[Opening Material for this exercise section]
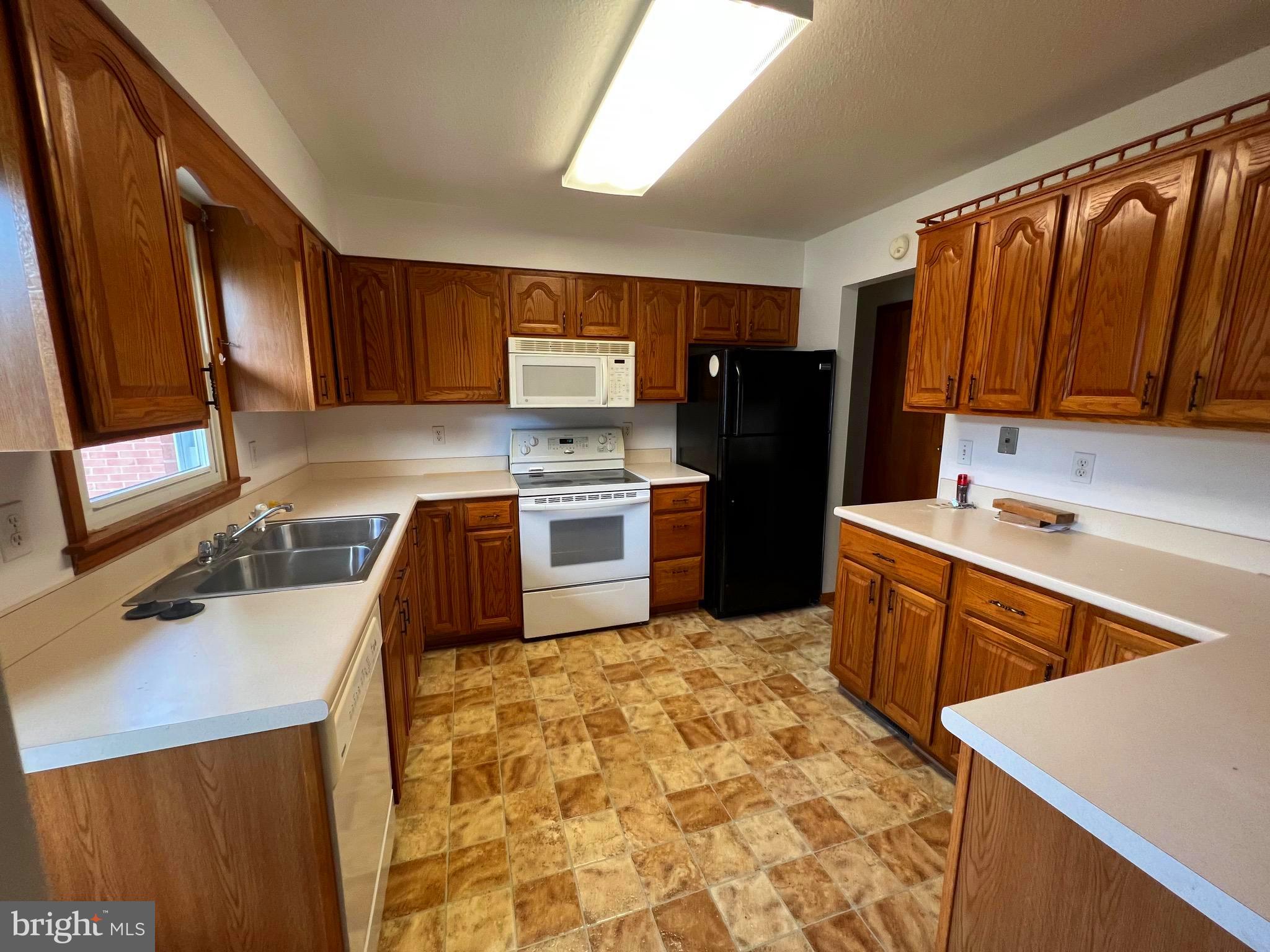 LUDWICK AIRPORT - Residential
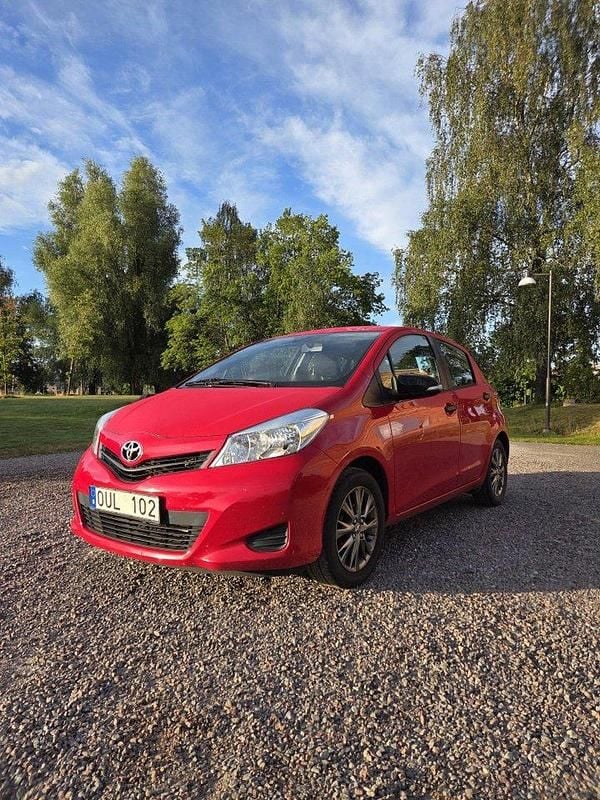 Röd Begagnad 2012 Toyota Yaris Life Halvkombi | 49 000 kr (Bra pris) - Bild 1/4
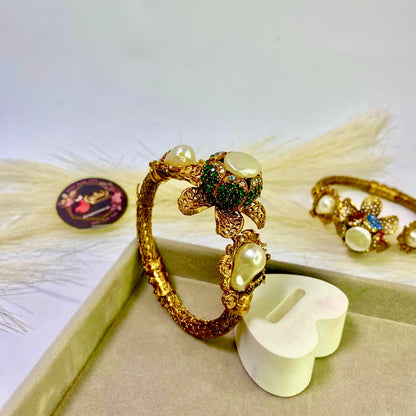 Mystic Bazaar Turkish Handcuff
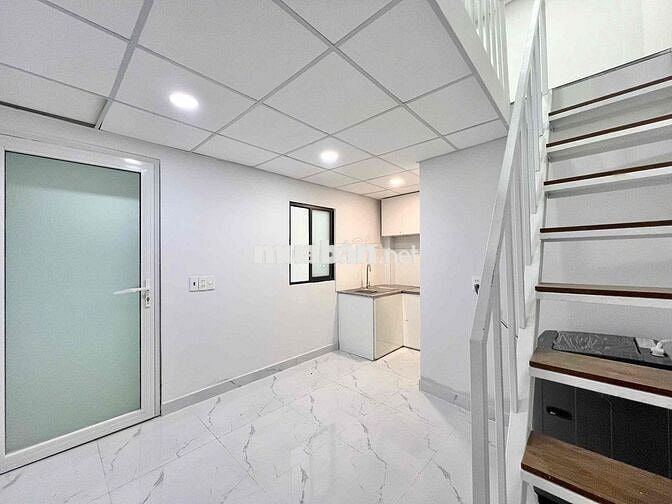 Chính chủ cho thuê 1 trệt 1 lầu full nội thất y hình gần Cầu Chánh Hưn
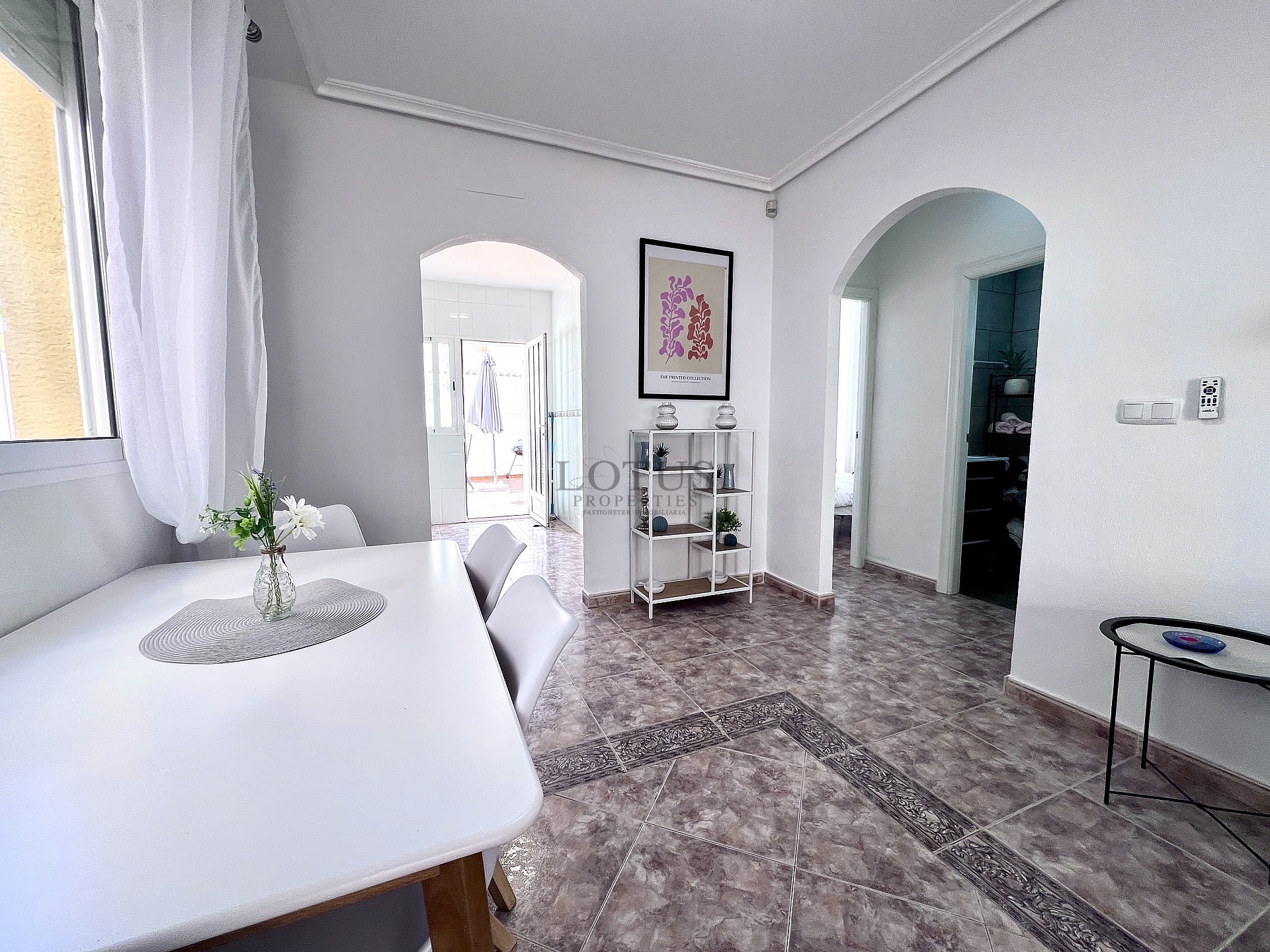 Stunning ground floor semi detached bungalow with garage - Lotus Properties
[Closing Material for this exercise section]
[Opening Material for this exercise section]
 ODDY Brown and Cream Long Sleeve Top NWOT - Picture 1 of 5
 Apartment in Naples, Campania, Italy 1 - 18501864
[Closing Material for this exercise section]
> _Work order_: Copy out the lines above from the line containing "LUDWICK AIRPORT - Residential" through the line containing "Stunning ground floor", exactly, and keep the pictures out.

> _Solution below_:
 LUDWICK AIRPORT - Residential
 Röd Begagnad 2012 Toyota Yaris Life Halvkombi | 49 000 kr (Bra pris) - Bild 1/4
 Mystic Bazaar Turkish Handcuff
 Chính chủ cho thuê 1 trệt 1 lầu full nội thất y hình gần Cầu Chánh Hưn
 Stunning ground floor semi detached bungalow with garage - Lotus Properties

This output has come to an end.